Finding Text
Federal Programs Affected:
• 11.302 – Economic Development Administration (EDA)
• 93.041 – Preventive Health and Health Services – Ombudsman
• 93.043 – Prevention and Public Health – Evidence-Based Health Promotion (Title III-D)
• 93.071 – Medicare Enrollment Assistance (MIPPA)
• 93.324 – State Primary Care Offices (HICAP)
• 93.499 – ACA – LIHWAP Cluster
• 93.791 – Money Follows the Person – ADRC
• 93.917 – HIV Care Formula Grants – Ryan White Service Delivery
• 97.067 – Homeland Security Grant Program – SHSP
Compliance Requirement: Allowable Costs/Cost Principles (2 CFR Part 200, Subpart E)

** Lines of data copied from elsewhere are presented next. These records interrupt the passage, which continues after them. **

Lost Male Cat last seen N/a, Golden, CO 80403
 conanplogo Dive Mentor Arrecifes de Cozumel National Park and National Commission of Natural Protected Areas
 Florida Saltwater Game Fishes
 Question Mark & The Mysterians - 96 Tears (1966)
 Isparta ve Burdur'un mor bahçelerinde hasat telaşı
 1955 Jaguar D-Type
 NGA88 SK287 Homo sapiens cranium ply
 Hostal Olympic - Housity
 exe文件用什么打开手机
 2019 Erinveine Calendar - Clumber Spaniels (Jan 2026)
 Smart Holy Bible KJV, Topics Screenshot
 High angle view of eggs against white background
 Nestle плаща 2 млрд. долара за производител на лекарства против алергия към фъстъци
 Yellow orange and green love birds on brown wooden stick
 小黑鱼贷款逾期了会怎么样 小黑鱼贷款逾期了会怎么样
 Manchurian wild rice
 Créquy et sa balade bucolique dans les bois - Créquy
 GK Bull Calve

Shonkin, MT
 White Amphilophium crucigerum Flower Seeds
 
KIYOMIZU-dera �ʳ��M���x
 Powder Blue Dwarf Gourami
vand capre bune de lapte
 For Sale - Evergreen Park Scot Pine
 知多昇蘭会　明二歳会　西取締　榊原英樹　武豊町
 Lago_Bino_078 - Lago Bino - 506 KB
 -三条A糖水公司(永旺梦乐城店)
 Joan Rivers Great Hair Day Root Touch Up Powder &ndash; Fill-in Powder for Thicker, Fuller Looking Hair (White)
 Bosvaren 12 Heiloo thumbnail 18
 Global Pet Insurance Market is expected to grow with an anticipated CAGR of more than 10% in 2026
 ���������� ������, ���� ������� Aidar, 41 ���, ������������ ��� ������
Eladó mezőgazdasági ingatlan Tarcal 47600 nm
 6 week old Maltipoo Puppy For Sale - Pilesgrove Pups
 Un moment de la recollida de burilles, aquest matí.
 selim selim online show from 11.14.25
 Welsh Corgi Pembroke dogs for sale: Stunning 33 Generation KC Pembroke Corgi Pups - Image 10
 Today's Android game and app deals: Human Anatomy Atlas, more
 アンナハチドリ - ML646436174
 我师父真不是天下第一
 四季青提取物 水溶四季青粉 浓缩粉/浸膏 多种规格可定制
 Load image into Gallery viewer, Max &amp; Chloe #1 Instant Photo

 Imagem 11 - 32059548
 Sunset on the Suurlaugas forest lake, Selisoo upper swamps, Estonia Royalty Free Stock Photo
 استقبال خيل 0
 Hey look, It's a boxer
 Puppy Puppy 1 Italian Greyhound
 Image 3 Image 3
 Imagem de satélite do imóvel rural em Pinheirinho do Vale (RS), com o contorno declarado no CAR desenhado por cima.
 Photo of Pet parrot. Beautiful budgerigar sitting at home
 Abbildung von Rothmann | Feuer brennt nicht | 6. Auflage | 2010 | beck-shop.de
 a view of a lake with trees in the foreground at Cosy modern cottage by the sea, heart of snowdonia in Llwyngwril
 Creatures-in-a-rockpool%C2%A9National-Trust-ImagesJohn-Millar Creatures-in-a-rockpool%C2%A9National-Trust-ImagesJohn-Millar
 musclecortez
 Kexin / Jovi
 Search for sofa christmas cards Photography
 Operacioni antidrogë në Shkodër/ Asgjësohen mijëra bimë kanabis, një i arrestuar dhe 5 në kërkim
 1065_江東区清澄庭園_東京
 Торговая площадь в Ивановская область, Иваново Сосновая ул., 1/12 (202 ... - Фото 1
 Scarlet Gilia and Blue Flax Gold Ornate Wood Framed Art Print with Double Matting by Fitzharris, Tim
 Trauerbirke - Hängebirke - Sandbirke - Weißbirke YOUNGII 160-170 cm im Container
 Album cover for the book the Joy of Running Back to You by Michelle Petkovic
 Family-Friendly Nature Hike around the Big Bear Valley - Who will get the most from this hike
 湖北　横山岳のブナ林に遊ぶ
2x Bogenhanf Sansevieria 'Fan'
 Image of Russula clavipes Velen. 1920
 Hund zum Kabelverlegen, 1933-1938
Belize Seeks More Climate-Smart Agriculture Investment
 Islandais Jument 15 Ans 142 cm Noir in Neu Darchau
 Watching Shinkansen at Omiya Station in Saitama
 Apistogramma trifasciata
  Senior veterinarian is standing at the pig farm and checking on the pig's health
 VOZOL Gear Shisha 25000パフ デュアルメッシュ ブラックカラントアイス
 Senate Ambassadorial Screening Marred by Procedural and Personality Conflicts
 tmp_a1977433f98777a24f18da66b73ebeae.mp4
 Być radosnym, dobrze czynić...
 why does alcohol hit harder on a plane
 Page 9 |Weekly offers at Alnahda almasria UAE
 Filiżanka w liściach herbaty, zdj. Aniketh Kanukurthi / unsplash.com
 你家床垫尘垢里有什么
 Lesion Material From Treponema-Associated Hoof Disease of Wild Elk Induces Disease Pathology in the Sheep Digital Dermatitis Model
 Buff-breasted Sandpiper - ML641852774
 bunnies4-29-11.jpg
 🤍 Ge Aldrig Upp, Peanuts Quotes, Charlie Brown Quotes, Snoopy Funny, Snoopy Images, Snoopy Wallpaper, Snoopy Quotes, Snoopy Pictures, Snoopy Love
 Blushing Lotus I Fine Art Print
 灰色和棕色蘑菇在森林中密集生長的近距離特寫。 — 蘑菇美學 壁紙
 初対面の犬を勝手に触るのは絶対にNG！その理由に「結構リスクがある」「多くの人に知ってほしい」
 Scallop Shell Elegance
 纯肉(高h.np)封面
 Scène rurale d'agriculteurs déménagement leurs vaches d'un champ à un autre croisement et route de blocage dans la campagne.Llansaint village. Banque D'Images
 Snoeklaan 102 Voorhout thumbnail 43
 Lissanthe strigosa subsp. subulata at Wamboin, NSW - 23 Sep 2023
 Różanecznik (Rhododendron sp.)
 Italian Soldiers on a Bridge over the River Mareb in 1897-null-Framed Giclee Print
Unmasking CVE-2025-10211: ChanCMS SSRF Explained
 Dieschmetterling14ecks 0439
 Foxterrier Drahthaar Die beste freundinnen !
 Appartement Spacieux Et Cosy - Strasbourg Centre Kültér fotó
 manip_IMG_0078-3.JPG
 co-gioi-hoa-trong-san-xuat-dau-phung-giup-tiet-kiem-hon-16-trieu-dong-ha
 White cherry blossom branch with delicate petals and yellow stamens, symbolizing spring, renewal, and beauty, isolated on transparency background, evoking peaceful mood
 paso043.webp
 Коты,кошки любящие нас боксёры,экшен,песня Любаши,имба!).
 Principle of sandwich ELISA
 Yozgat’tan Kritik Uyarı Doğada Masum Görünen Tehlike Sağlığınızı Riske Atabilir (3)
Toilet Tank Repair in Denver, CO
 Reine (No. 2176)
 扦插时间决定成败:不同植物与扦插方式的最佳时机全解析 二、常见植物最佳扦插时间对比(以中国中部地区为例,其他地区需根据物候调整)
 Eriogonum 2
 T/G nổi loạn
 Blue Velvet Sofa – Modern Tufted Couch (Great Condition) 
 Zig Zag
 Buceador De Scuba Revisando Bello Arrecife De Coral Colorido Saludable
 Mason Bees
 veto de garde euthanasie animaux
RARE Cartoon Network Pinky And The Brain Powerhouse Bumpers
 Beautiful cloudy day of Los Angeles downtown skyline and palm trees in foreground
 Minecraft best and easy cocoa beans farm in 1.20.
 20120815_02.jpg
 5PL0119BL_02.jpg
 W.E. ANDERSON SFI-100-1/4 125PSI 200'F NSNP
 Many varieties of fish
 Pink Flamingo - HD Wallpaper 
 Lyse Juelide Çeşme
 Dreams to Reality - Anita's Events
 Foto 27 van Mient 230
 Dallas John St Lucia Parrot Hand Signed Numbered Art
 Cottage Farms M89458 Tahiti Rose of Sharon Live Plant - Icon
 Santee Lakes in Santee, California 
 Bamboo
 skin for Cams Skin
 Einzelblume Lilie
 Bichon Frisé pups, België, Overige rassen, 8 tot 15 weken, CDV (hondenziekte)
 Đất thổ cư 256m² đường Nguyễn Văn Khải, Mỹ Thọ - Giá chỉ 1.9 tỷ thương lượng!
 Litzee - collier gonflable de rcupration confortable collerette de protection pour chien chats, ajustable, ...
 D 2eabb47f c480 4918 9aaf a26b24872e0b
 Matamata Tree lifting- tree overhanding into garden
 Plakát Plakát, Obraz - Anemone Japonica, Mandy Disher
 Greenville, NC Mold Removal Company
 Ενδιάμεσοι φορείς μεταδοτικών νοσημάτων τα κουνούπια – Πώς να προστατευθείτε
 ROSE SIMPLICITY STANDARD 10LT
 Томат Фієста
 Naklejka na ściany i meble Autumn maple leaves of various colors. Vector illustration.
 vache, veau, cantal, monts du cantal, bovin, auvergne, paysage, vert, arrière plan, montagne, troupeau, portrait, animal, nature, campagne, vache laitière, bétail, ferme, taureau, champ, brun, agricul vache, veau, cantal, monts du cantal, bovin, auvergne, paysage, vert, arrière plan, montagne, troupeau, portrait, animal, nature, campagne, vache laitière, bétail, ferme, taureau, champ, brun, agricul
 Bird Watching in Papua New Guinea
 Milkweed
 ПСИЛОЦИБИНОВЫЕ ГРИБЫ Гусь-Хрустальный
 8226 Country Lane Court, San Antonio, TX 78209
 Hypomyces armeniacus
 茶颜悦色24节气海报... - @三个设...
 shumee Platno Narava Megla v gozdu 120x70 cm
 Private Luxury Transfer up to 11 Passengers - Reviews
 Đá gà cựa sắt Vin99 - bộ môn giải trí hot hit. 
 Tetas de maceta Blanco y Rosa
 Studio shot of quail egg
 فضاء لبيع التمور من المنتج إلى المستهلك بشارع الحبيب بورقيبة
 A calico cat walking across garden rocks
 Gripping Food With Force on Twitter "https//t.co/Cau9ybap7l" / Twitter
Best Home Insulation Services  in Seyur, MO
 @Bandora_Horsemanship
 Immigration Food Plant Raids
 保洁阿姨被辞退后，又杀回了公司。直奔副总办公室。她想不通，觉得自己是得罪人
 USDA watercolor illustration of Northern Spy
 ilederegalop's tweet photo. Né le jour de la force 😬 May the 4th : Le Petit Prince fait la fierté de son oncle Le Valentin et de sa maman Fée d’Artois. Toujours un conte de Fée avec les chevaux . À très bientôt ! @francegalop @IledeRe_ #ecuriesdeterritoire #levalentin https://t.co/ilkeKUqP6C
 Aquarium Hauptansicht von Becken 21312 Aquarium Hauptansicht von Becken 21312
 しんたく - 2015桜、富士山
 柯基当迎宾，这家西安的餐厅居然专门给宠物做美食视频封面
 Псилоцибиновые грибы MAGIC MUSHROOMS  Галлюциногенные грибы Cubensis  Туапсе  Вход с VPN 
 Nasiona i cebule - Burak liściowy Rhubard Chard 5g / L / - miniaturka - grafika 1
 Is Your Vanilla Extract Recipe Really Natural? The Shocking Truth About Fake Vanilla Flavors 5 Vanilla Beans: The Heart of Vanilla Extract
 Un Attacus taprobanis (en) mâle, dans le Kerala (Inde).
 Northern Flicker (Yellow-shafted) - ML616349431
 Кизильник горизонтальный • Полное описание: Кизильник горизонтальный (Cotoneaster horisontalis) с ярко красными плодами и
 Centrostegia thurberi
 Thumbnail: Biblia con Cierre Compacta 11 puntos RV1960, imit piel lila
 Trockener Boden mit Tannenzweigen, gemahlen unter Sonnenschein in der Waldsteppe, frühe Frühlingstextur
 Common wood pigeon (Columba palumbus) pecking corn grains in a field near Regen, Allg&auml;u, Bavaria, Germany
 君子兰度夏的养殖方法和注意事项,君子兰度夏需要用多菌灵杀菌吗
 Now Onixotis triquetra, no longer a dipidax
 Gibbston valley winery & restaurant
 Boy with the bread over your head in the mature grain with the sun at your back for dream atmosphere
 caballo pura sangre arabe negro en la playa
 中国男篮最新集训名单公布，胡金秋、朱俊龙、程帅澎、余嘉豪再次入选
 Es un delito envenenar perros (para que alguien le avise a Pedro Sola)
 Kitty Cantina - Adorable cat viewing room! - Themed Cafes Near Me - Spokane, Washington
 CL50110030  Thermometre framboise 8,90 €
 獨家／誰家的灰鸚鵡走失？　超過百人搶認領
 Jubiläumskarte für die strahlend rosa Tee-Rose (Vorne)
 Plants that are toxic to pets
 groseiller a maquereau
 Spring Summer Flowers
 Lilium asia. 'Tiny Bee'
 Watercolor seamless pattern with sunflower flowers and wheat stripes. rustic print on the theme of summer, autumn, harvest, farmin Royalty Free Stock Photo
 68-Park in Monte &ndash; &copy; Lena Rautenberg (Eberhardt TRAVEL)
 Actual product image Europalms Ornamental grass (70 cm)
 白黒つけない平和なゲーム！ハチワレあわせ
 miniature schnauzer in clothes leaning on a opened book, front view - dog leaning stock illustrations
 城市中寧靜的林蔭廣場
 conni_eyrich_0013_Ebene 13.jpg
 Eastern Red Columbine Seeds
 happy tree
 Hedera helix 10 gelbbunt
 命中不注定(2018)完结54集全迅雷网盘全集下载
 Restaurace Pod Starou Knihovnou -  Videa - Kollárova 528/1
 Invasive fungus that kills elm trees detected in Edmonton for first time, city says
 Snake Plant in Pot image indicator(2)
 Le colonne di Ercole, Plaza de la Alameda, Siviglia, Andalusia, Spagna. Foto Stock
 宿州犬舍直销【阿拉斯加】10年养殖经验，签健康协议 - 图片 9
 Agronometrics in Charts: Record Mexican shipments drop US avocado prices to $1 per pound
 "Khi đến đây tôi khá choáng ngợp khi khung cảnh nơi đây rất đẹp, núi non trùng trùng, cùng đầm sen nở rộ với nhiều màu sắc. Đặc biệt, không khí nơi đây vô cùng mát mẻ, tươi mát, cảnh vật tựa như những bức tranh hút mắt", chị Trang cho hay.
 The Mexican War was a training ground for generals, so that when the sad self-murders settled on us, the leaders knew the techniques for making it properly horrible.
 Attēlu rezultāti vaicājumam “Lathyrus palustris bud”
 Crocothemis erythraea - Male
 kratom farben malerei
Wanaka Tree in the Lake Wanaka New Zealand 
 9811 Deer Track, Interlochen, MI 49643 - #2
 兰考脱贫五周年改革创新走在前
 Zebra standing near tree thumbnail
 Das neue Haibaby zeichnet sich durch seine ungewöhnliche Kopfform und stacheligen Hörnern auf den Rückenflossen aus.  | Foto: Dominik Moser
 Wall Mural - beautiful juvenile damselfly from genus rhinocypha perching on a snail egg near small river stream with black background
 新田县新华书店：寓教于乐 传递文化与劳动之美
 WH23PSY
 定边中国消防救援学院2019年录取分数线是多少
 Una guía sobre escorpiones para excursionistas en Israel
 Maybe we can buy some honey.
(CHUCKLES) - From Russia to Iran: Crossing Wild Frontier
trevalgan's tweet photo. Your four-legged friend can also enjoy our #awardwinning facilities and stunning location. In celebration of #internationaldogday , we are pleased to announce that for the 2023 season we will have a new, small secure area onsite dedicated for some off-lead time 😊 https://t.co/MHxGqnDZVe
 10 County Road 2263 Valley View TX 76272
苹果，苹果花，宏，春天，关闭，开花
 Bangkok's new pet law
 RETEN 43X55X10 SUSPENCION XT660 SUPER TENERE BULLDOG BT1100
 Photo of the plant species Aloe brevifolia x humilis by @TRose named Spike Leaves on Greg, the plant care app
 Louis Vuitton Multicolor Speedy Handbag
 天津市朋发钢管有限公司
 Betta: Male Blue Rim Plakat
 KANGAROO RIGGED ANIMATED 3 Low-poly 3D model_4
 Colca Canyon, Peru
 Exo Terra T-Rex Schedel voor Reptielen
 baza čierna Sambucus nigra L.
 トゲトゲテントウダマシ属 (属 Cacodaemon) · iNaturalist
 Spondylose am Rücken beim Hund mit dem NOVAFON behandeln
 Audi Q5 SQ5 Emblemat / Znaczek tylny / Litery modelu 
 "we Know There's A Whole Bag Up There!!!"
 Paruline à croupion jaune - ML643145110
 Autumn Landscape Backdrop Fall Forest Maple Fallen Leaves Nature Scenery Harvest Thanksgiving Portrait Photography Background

Type of Finding: Compliance and Internal Control Deficiency
Condition:
During our review of administrative expenditures, we identified a utility payment to NRG Business that included sales tax, which is unallowable under federal cost principles for tax-exempt entities. Specifically, the utility invoice dated June 30, 2023, in the amount of $713.43 included $51.47 in sales tax.
Although the vendor later issued a credit for the sales tax amount, the original charge—including the unallowable portion—was allocated to various federal grants through the administrative cost pool. It is not clear whether the vendor credit was properly reallocated to reverse the original federal charges.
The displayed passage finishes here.